Artist Bio

Kailey Atkinson is an interdisciplinary artist and educator from Easton, PA, working primarily in mixed media collage, photography, and social practice.

Kailey finds being an artist and having a career in the arts go hand in hand, embracing how these separate worlds inspire each other. She is currently an MFA candidate at Clark University, an art teacher at Commonwealth Charter Academy, and a board member for the Karl Stirner Arts Trail. Kailey received her Art Teacher Certification at Moravian University and BA in Studio Art with a Minor in Art History at Cedar Crest College. Atkinson’s work has been exhibited at various institutions, including the Kemerer Museum, Lafayette College, Lehigh University, The Banana Factory, Lehigh Carbon Community College, Northampton Community College, Eleven 20, Bradbury Sullivan LGBT Center, and Cedar Crest College. She has been interviewed by Lehigh Valley Arts Podcast and Canvas Rebel.

Artist Statement

Using a candy-coated, flower-ridden, bright palette and maximalist sense of composition, my artwork tells difficult stories and builds community through collage, photography, painting, sculpture, poetry, and social practice. I approach my work through a feminist lens, exploring body image, gender roles, and social issues. For roughly a decade, I worked primarily as a mixed-media collage artist, obsessively collecting and repurposing an archive of vintage imagery, drawing parallels between traditional and contemporary topics. Expanding my materials and techniques to include a social practice has allowed me to trust my compulsion to create in more experimental methodologies. 
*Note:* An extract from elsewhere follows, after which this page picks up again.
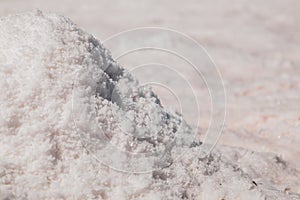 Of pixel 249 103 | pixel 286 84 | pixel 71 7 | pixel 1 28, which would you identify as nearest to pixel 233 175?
pixel 1 28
In a tumultuous political climate where art can serve as an act of resistance, my work is driven by narrative and the sharing of typically overlooked lived experiences. Visual narratives often explore the silent suffering of invisible illnesses. My social practice steps outside my own experience, casting a wider net of visual narrative through sharing others’ stories. I photograph and interview women from my community, then invite them to create blackout poetry, redacting anything they do not want to share and exposing what matters most. This work honors the space between what is spoken versus withheld, between vulnerability and confidence. Zines and sculptural forms accompany the collages, revealing intimate details in written form. Through this collaborative process, silent suffering is transformed into jubilant form, and the obsessive impulse to create is at the forefront.